Bevor eine Fuhre Arzneimittel die Produktion verlässt, wird sie in einem mehrfach gestuften Prozess auf Herz und Nieren geprüft. Stimmt die Konzentration der Wirkstoffe? Sind sie rein genug? Ist alles steril? Steht das Richtige auf der Verpackung? Über 30 der insgesamt rund 400 Bipso-Mitarbeiter überwachen in den Reinräumen in Singen allein solche Parameter. Die Experten vom Hohentwiel fungieren als Exzellenz-Zentrum für den gesamten Bracco-Konzern mit seinen weltweit neun Werken, sagt Adam.
Lange Erfahrung am Standort
Die zentrale Stellung ist Singen nicht zugeflogen. Seit den 1980er-Jahren werden Spezialpharmaka vor Ort von wechselnden Herstellern produziert. Im Jahr 2010 kaufte Bracco den Kontrastmittelspezialisten Bipso dann einem Vorgängerbetrieb des heutigen Pharmariesen Takeda ab. Auf dessen Werksgelände befindet sich Bipso noch heute. Seither wurden rund 50 Millionen Euro am Standort investiert. 15 weitere Millionen fließen derzeit in ein modernes, mehrere Stockwerke hohes Logistikzentrum vor Ort. Der Bipso-Umsatz beläuft sich auf rund 70 Millionen Euro im Jahr.

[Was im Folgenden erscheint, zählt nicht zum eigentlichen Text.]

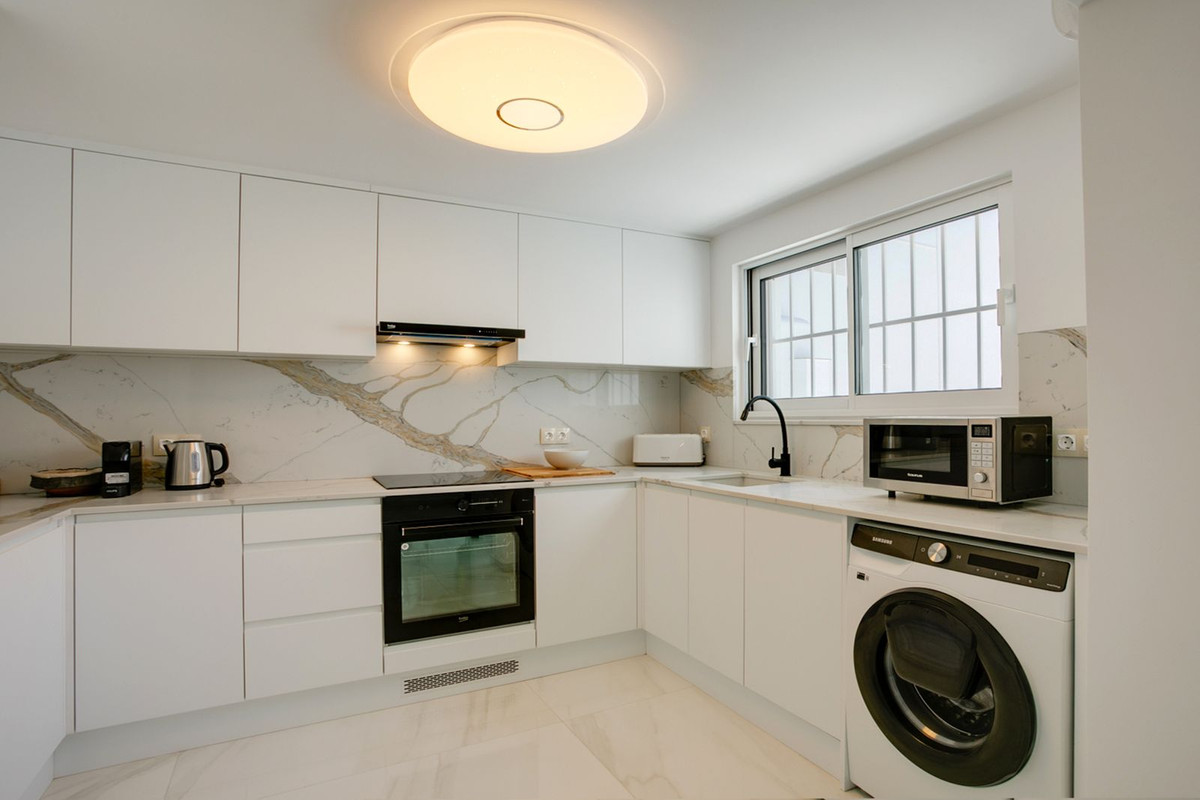 3 Bed Townhouse for sale in Estepona Costa Del Sol, Málaga, Spain
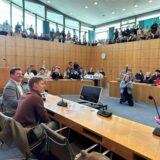 TikTok-Star Levy Penell wurde bei seinem Besuch im Ratssaal vom Bürgermeister zum Ehrenbotschafter ernannt. Dabei gibt es diesen Titel eigentlich gar nicht.
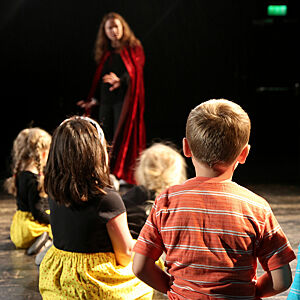Bilde av teaterinstruktør med småbarnsgruppe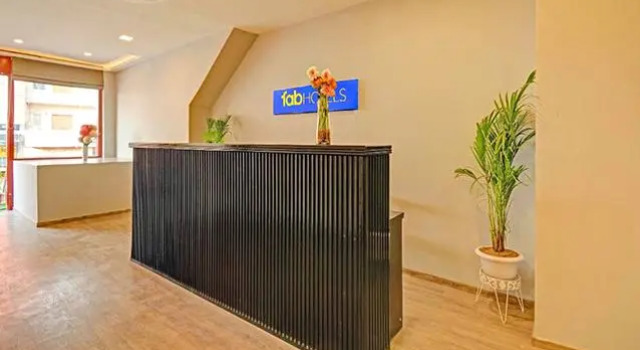 FabHotel Karol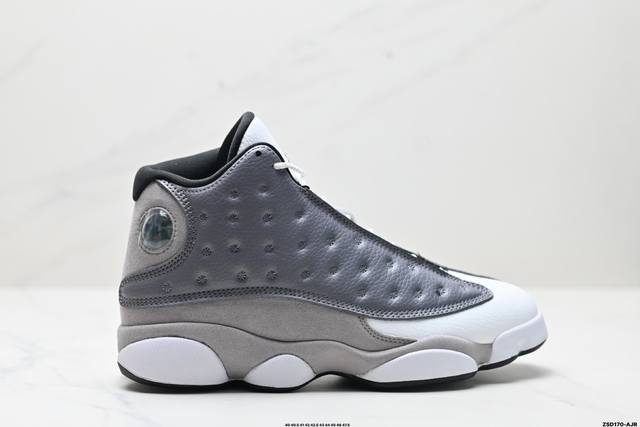 公司级耐克nike Air Jordan 13 迈克尔 乔丹aj13代复古中帮文化休闲运动篮球鞋 Airjordan 13以黑豹的风格制成 从猫咪般的反应和在球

Dass die schwerreiche Bracco-Firmeneignerin, die Italienerin Diana Bracco, auf Deutschland als Produktionsstandort setzt, hat seinen Grund. Das hohe Qualitätsbewusstsein und die Zuverlässigkeit zeichneten das Land im Vergleich zu anderen Standorten aus, sagt Pharma-Manager Adam, der einen Großteil seiner Karriere im Ausland verbracht hat, bevor er in Singen ansässig wurde. Die Patriarchin wüsste das. Speziell in die Fähigkeiten hiesiger Facharbeiter habe die Industrielle „größtes Vertrauen“, sagt er.
Singen will weiter wachsen
Als Folge soll der Standort Singen weiter wachsen. Wie viele andere Firmen in der Region auch sucht Bipso daher Fachkräfte. Ihnen winke eine Bezahlung nach Chemie-Tarif und eine betriebliche Altersvorsorge, sagt Personalchef Bernhard Rettler. Neben der Qualifikation ist für den Personalchef das entscheidende Kriterium bei der Bewerberauswahl, wie veränderungsbereit der Kandidat ist. Die auch im Pharmabereich immer schnelleren Innovationszyklen, erforderten Mitarbeiter, die auf Zack seien, sagt er. Das Alter spiele da keine Rolle. Auf einer Jobmesse habe er jüngst einem 60-Jährigen nach einem kurzen Gespräch seine Visitenkarte in die Hand gedrückt. Im Kopf sei er deutlich agiler gewesen als so mancher junge Bewerber.